The Economic Policy Institute has published its biennial edition of The State of Working America 2006/2007, a comprehensive analysis of the U.S. labor market summarizing the problems and challenges facing American workers, along with a wide variety of data to show how the economy is affecting living standards ($59.95/$24.95, hard and softcover, Washington, DC). Ask anyone in the middle class and they will tell you that, no matter how much they are earning, it is just not enough to keep up with the rising cost of property taxes, sales taxes, health care and all the other expenses. This book will be especially useful for journalists, government leaders, policy makers and others who want a comprehensive portrait of the nation’s economic state of health.

Corporate Crooks: How Rogue Executives Ripped Off Americans…and Congress Helped Them Do It! ($25.95, Prometheus Books) Greg Farrell has taken a bead on the bad guys and, as the former Chairman of the U.S. Securities and Exchange Commission, Arthur Levitt, says, produced "a fascinating, fast-moving narrative to guide stockholders in understanding how self-serving executives, seduced boards, and politicians poisoned our markets during the go markets of recent years." A veteran USA Today investigative reporter, Farrell examines how the most trusted financial system in the world became a breeding ground for the massive corruption uncovered in the Enron and Worldcom scandals. Written in a style anyone can comprehend, it’s a very scary story. On the lighter side, there’s Ambitious Brew by Maureen Ogle ($25.00, Harcourt), subtitled "The Story of American Beer." You will meet all the familiar names, Pabst, Anheuser-Busch, and Miller, but will also discover how these and other German immigrants came to the land of opportunity and made beer the drink of choice for generations that followed. Innovations in marketing, advertising, and packaging are now part of the American story and it is one you will thoroughly enjoy reading.

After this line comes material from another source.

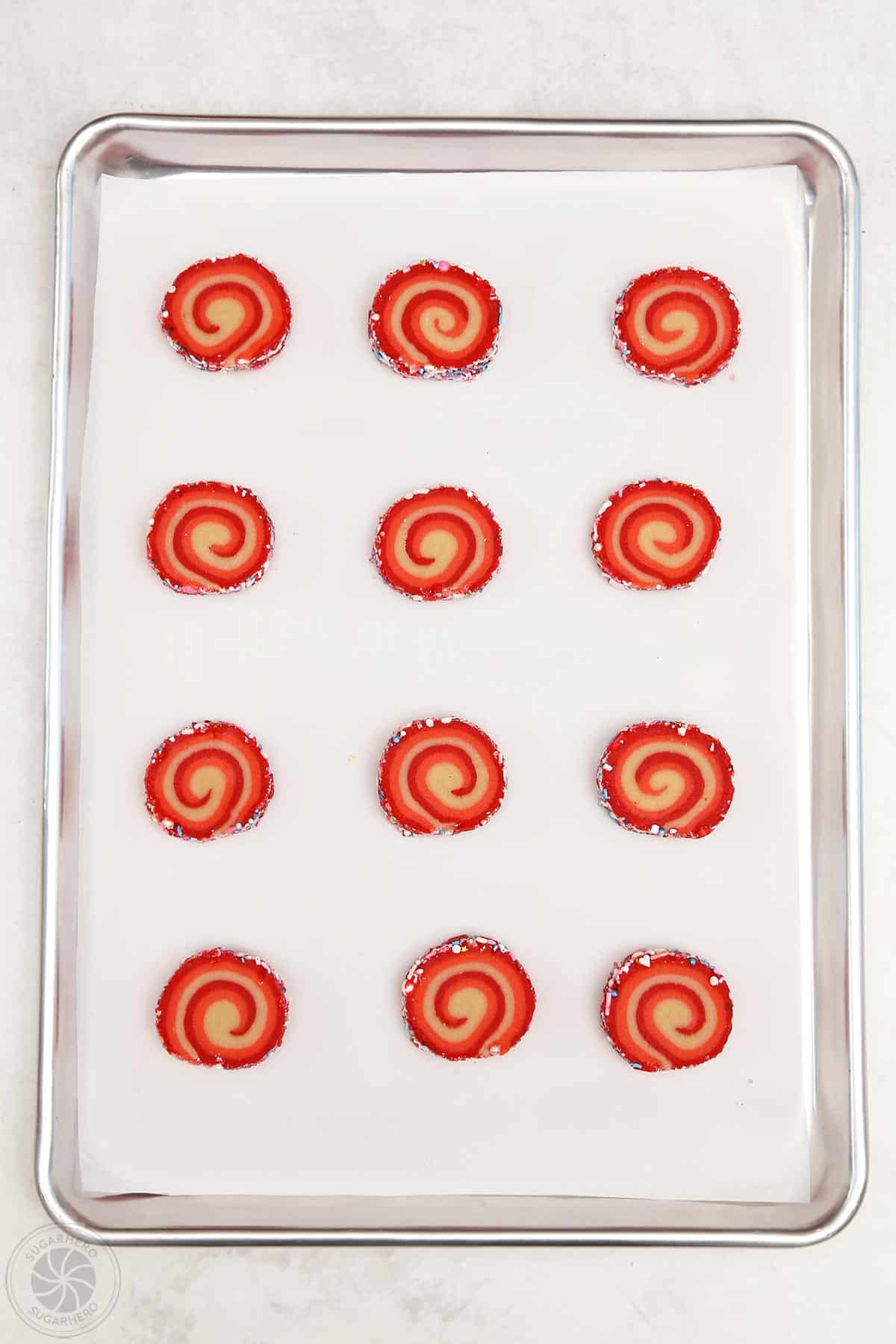 A dozen peppermint pinwheel cookies on a baking sheet.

It seems like everyone is interested in finance these days and Bruce Helmer has written Money and the People You Love ($16.95, Syren Book Company, Minneapolis, softover), subtitled "A new approach to financial planning based on what matters to you most." Helmer presents a comprehensive, step-by-step way to understand your money and then use it in the most efficient way. For anyone who has not paid attention or never received any instruction regarding how to safeguard, invest, or spend money, I would have to say this book will prove extremely helpful. Wealth Without A Job: The Entrepreneur’s Guide to Freedom and Security Beyond the 9-to-5 Lifestyle ($24.95, John Wiley & Sons) is the work of Phil Laut and Andy Fuehl. This book instructs the self-employed reader on how to either achieve financial security or to protect it if it already exists. It explains the fundamental changes in today’s economic structure and how to adopt the characteristics that separate the wealthy from others. The bottom line is that we live in a society in which working for oneself is now the best choice for a lot of people.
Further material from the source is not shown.